June sat still for her shaving and cleaning.  When the nurses finished with her, she looked a little bit unpretty!

A centimeter rent in the skin on the neck over the firm swelling of the muscles where an infection was brewing.

The red arrow points to the epicenter of an abscess from the night before.

“Has June ever gone outside?”

“No.”

“Do you have other pets she could have fought or played rough with?”

“No.”

Hmmm….

Okay, VirtuaVet admits, sometimes we’ll just never know what happened!

Further Diagnostics for a Suspicious Neck Bump

“I’m very suspicious in your situation that June may have swallowed something she ought not to have, we should take throat x-rays and do a complete blood count, looking at the proportions and types of immune cells in her blood,” said Doc Truli.

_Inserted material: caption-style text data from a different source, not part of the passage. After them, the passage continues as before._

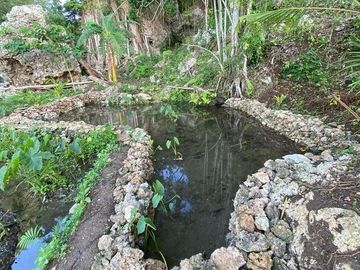FOR SALE‼️ - HIGHLAND PROPERTY IN SIQUIJOR WITH AN AMAZING VIEW OF LAZI BAY AND MINDANAO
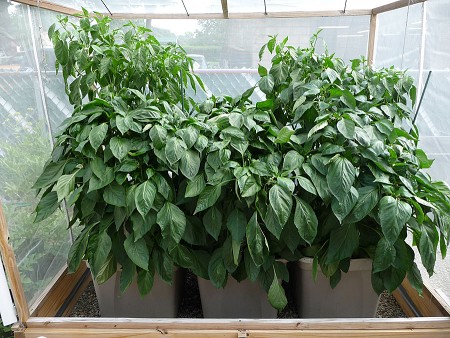 peppers-grown-in-self-watering-tote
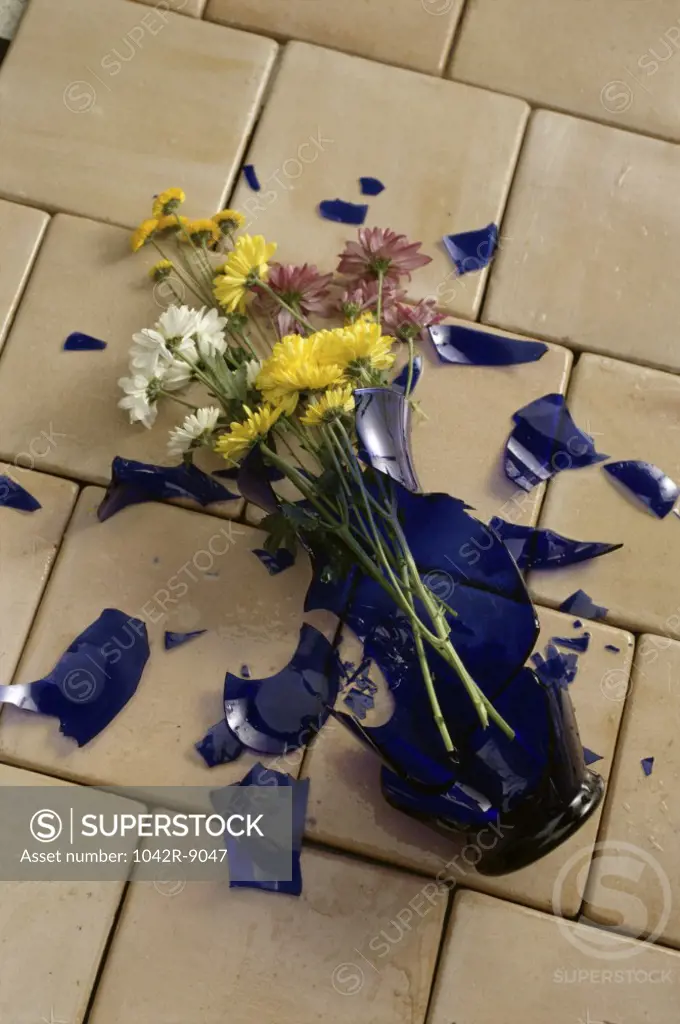 Close-up of a broken flower vase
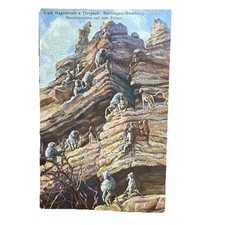 Postkarte AK Hamburg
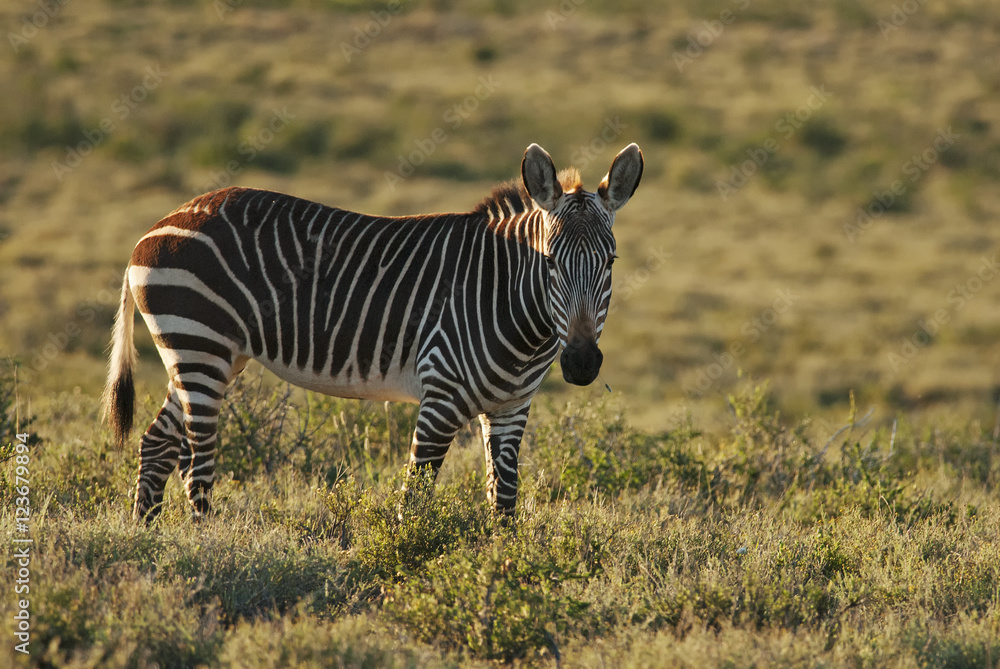 Naklejka premium Mountain Zebra, Equus zebra, Karoo National Park, South Africa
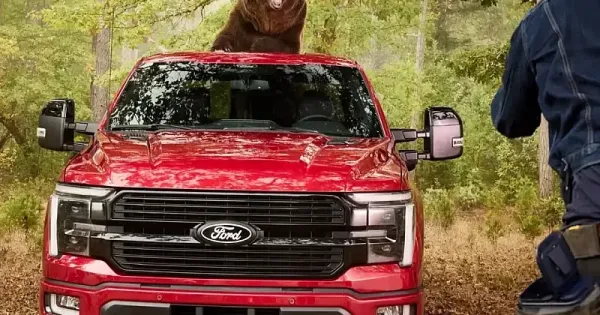 A Ford egy 360 kilos medvevel tesztelte pick upja vedelmet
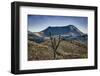 Galapagos, Ecuador, Sierra Negra. Volcan Chico and Candelabra Cactus-Mark Williford-Framed Photographic Print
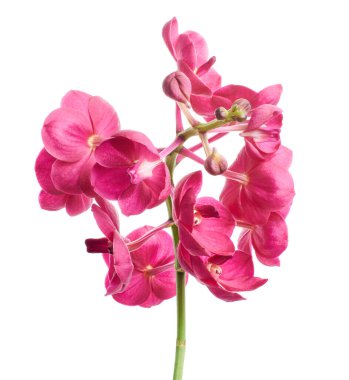 Vanda Orkideleri, Pembe Orkideler beyaz arkaplanda izole edilmiş, kırpma yolu ile                               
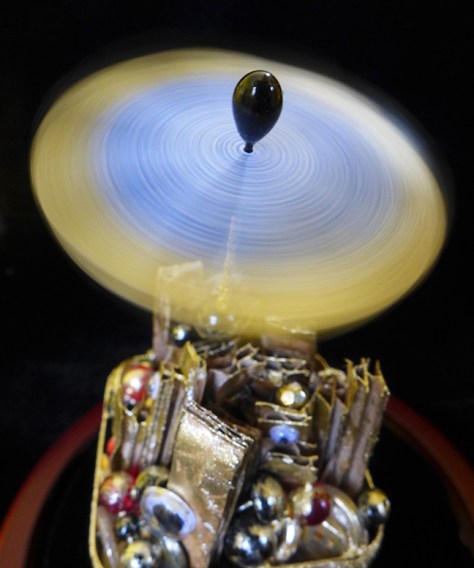 Somewhat Larger Critter in Motion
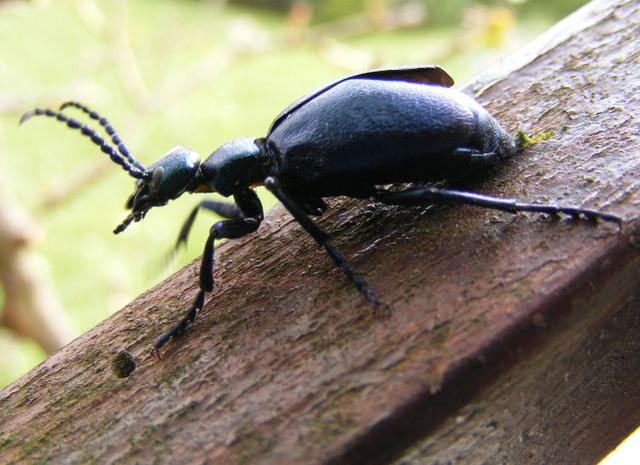 法布尔的资料简介，法布尔小传：为了死去的儿子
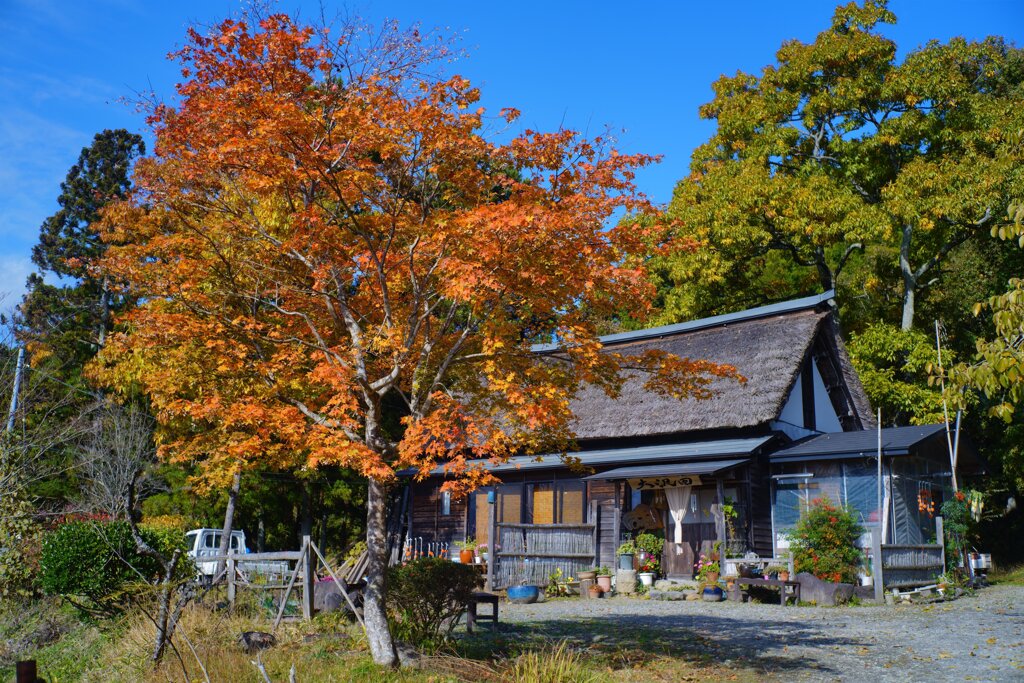 大沢田10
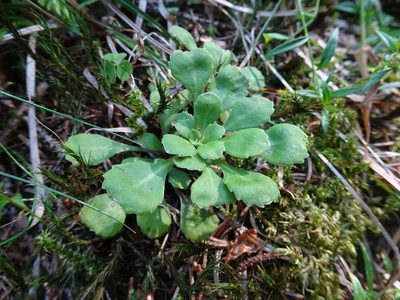 Saxifraga cuneifolia, photographed by Fabien Anthelme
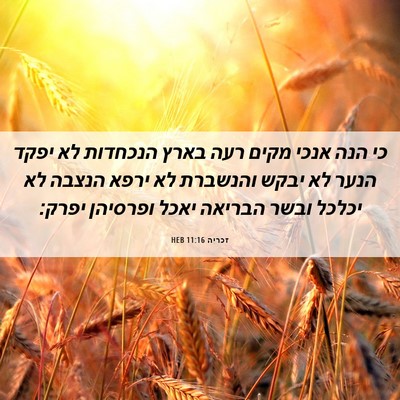 Picture 06 - זכריה 11:16 HEB - כי הנה אנכי מקים רעה בארץ - Bible Verse Picture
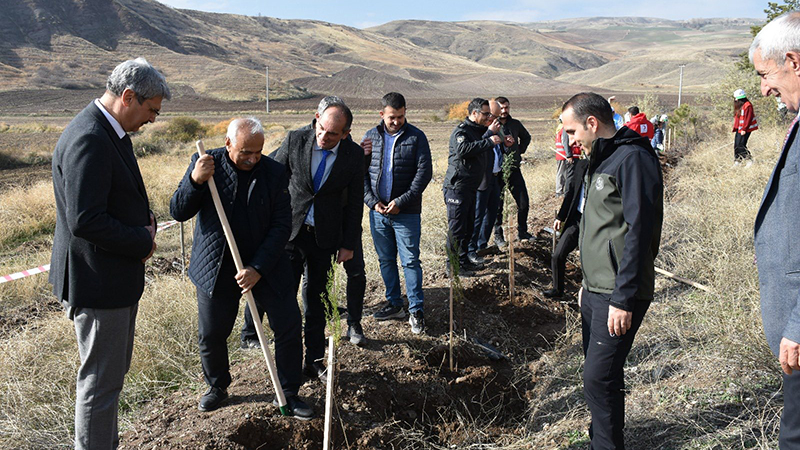 580992562 25250133808006592 5748656051190429003 N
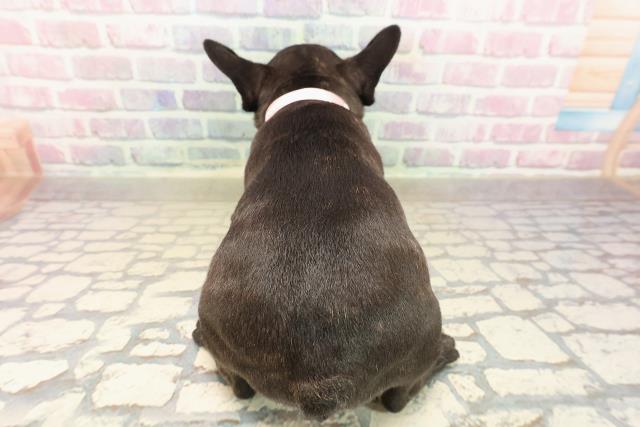 東京都のフレンチブルドッグ (Coo&RIKU三軒茶屋店/2025年9月30日生まれ/女の子/ブリンドルホワイト)の子犬の4枚目の画像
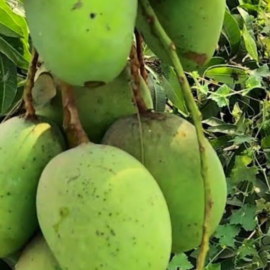 Creeper Mango Grafted Plant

The complete blood count (“CBC”) showed an elevated white blood cell count.

White blood cells are immune system cells that fight infection and travel to the areas of injury or disease and try to clean up the problem.  It’s normal for white blood cells, like neutrophils, to travel to the site of skin infection and kamikaze themselves by rupturing open and pouring their toxic cell contents all over the invading bacteria.  The neutrophils little microscopic dead bodies make up pus.  Yep, that’s what pus actually is! (If you go to med school you learn all sorts of cool stuff…)

A swollen area around this kittens voice box with no signs of a foreign object to cause the swelling

Red arrow=swelling. Blue arrow=trachea airway open and ready for breathing!

A radiograph (“X-Ray”) showed a swollen area (red arrow) under the skin just at the level of the voice box (“larynx”).  The black arrow in the accompanying picture points to the airway, also called the trachea (pronounced tray key ah in the US and tra kee uh in countries influenced by HRH-you know who you are!).  June’s little kitten airway was fine, she could breath perfectly well.

A feline leukemia virus test turned up negative for the virus.  While kittens can have a false negative test result for 30-60 days after infection, it’s a good sign that June should be able to fight off the infection.

Treatment

Some wound cleaning, antibiotics, topical antibiotics, and instructions for a very light neck bandage to be replaced by mum every -oh, perhaps 10 minutes, whenever June decided to scratch it off, and this little kitten’s going to be just fine!

P.S. If the hole left by the exploding pus from the abscess had been greater than 1-2 cm across, then surgery to close the hole and bring the skin edges together would probably have been a better idea than leaving the wound to heal on its own!